A partire dall’albergo fino ad arrivare ai ristoranti, prestate attenzione ai prezzi. La stangata, purtroppo, è sempre dietro l’angolo.
Brutte notizie per molti di coloro che desiderano andare in vacanza in quanto rischiano di dover fare i conti con un vero e proprio salasso per via dell’aumento del costo di vari beni e servizi. Entriamo quindi nei dettagli e vediamo tutto quello che c’è da sapere in merito.
Siamo ormai giunti alla fine del sesto mese dell’anno in corso che, come al solito, ha portato con sé le alte temperature tipiche della stagione e il desiderio di trascorrere dei giorni all’insegna del relax, magari al mare mentre si viene baciati dal sole. Allo stesso tempo non si può negare come le vacanze comportino dei costi non indifferenti, tanto da portare in molti a rinunciarci.

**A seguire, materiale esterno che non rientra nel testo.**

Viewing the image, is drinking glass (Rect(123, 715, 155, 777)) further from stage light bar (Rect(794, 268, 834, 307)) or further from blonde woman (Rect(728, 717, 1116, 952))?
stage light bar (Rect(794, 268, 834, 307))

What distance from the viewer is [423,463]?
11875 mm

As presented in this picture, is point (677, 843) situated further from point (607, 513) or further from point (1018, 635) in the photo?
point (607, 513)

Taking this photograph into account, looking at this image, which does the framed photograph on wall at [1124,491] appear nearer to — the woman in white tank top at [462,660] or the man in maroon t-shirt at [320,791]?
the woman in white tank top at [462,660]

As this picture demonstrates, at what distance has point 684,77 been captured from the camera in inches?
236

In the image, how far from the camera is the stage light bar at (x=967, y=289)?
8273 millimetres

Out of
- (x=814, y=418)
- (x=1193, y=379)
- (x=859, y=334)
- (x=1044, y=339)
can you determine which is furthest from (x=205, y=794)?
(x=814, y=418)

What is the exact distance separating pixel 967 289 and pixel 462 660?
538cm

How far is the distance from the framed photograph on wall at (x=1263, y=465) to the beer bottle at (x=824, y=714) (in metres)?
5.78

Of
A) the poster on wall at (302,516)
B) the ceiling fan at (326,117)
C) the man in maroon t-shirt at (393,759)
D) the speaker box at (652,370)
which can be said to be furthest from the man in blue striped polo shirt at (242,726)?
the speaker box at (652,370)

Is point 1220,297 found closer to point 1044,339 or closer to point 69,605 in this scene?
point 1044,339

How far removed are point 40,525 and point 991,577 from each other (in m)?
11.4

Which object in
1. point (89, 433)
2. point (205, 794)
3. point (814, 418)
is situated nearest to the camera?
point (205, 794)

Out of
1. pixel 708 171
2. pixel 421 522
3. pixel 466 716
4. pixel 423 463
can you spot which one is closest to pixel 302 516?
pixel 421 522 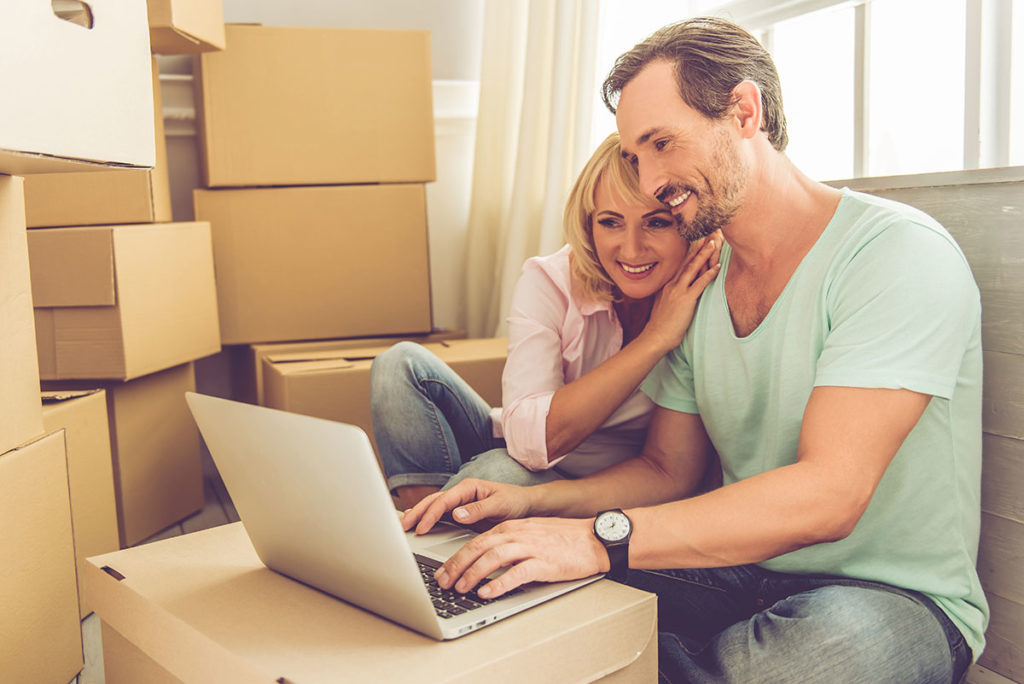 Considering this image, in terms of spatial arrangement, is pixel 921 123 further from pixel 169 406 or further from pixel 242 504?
pixel 169 406

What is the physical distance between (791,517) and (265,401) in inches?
53.7

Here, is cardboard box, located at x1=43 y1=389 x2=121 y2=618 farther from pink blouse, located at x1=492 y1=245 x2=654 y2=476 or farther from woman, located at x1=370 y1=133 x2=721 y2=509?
pink blouse, located at x1=492 y1=245 x2=654 y2=476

Basti pensare a come in tanti rischino di dover fare i conti con una vera e propria stangata per via dell’aumento del costo di vari beni e servizi, a partire dai trasporti fino ad arrivare ai ristoranti e agli alberghi. Ma cosa sta succedendo? Entriamo quindi nei dettagli e vediamo tutto quello che c’è da sapere in merito.
Brutte notizie per molte persone che desiderano andare in vacanza, in quanto rischiano di dover fare i conti con una vera e propria stangata. A denunciarlo è il Codacons che ha reso noto alcuni aumenti non indifferenti. Soffermandosi sui trasporti, ad esempio, si registra rispetto al 2022 un aumento pari al 43,9% per un biglietto aereo per un volo nazionale. Tale aumento è pari a 42,6% per una destinazione europea e del 36,8% per una destinazione internazionale.
Aumentano anche benzina e gasolio, mentre viaggiare in treno registrare un aumento del 3,8%. Aumenta anche il costo degli alloggi, con rincari medi del 13,6% su base annua. In particolare a registrare aumenti non indifferenti sono le città d’arte e le località di mare. A guidare la classifica del caro – alberghi è Firenze, dove i prezzi di B&B e strutture ricettive in generale aumentano fino al 53% rispetto al 2022. Al secondo posto troviamo Palermo con un aumento del 35,9%, mentre al terzo posto Milano con un rincaro del 27,7%.
Si registra un aumento medio del +19,2% per i pacchetti vacanza; mentre per mangiare presso bar e ristoranti bisogna spendere dal 6,7% al 15,3% in più rispetto all’anno scorso. Un aumento generale dei prezzi che coinvolge anche i gelati che costano fino al 21,8% in più. Anche mangiare un’insalata peserà ulteriormente sulle nostre tasche, per via di aumenti pari al 10,9%. Se si desiderano aggiungere i pomodori, inoltre, la spesa aumenta del 18,2%.